WHAT TO WORK ON —
If a line includes "Hello", copy it out of the entries.

PROVIDED ENTRIES —
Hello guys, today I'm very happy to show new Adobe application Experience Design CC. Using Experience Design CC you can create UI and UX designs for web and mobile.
==
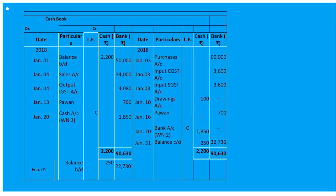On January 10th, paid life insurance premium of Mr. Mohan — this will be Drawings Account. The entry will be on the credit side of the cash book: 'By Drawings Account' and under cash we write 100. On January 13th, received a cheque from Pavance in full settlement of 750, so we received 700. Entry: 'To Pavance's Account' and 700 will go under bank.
--
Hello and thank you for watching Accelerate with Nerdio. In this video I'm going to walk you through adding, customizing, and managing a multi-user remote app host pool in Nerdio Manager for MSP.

TASK RESPONSE —
Hello guys, today I'm very happy to show new Adobe application Experience Design CC. Using Experience Design CC you can create UI and UX designs for web and mobile.
Hello and thank you for watching Accelerate with Nerdio. In this video I'm going to walk you through adding, customizing, and managing a multi-user remote app host pool in Nerdio Manager for MSP.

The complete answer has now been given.